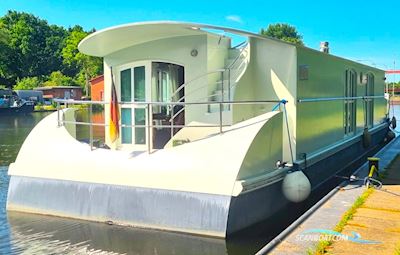 Hausboot 20 Live a board / Riverboat 2020, with Suzuki engine, Germany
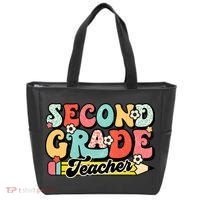 Second Grade Teacher 2nd Grade Teacher Tote Bag thumb 0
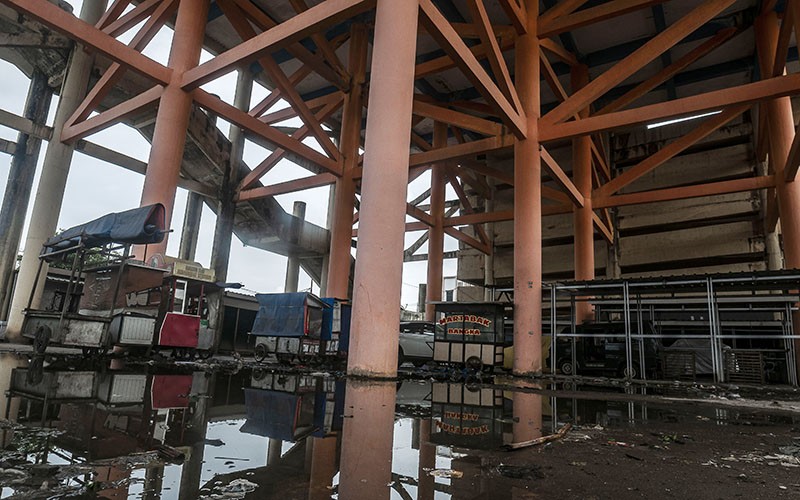 Shelter Tsunami di Pandeglang Terbengkalai, Fasilitas Rusak Tak Pernah Terpakai - Bagian 1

**What the exercise asks:** Excluding pictures, reproduce the listing above exactly as it stands.

**Output of the exercise:**
 Hausboot 20 Live a board / Riverboat 2020, with Suzuki engine, Germany
 Second Grade Teacher 2nd Grade Teacher Tote Bag thumb 0
 Shelter Tsunami di Pandeglang Terbengkalai, Fasilitas Rusak Tak Pernah Terpakai - Bagian 1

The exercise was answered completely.